There is concern that an increase in the number of foreclosed homes added to the market will further depress housing prices and help to drive down the economy to even lower levels. Some economists also worry that these lower housing prices, combined with lower stock prices, could even push the country into a double-dip recession.

Bank of America will likely also not be the only lender to step up foreclosures, as a number of lenders temporarily suspended foreclosures after the robo-signing scandal broke. Since then, many banks have been working to try and improve the paperwork process, which means that as systems are improved, more and more foreclosures could start to once again be processed.

However, for many homeowners who know they either are or will be struggling to make their monthly mortgage payments, help may be available through a loan modification through the federal Home Affordable Modification Program, commonly referred to as HAMP.

With HAMP a homeowner may be able to negotiate lower interest rates and extend the life of a mortgage. By doing this, homeowners may be able to avoid foreclosure.

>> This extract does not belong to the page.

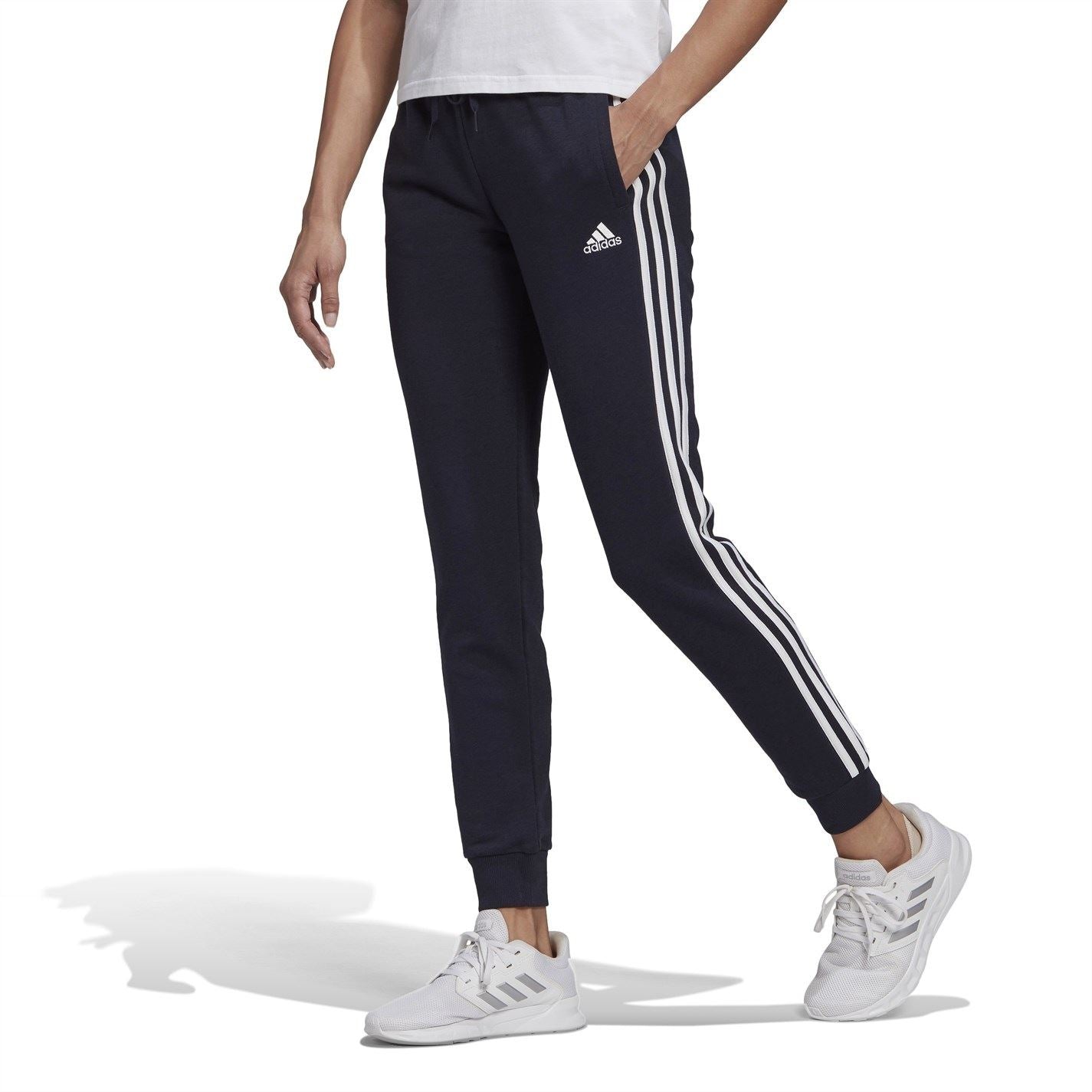 adidas Womens Essentials 3 Stripes Pants Slim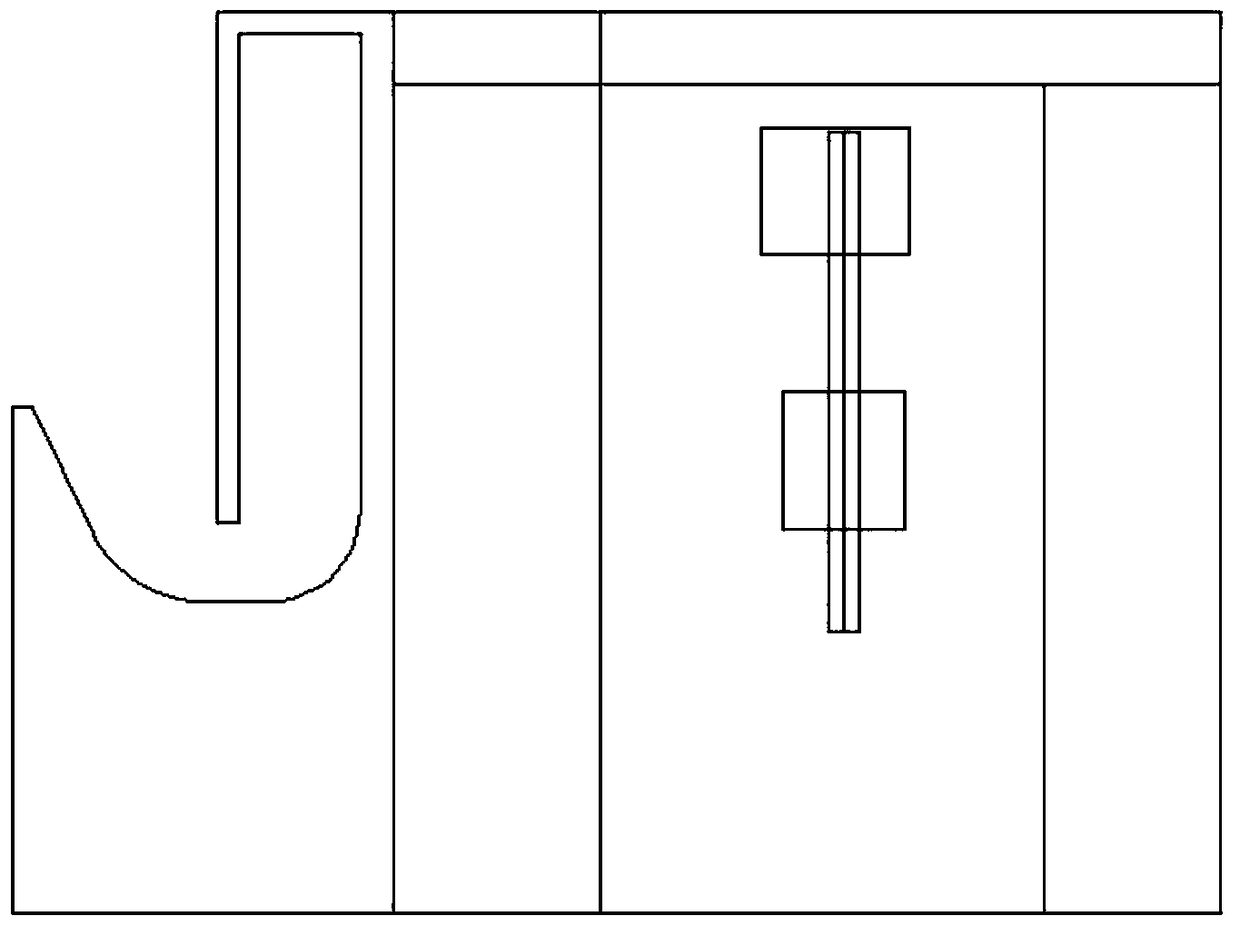 Comb type breakwater system capable of achieving wave power generation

One thing to keep in mind with HAMP though -- or really any attempt at receiving a loan modification -- is that the entire process can be rather confusing. And while for some a modification to their existing mortgage may be the best answer, for others they may not qualify and other debt relief solutions could really be the best choice.

If you are someone who is struggling to make your house payments, it's best to speak with a knowledgeable nonprofit debt relief counselor or bankruptcy attorney to learn what financial solution might work the best for you.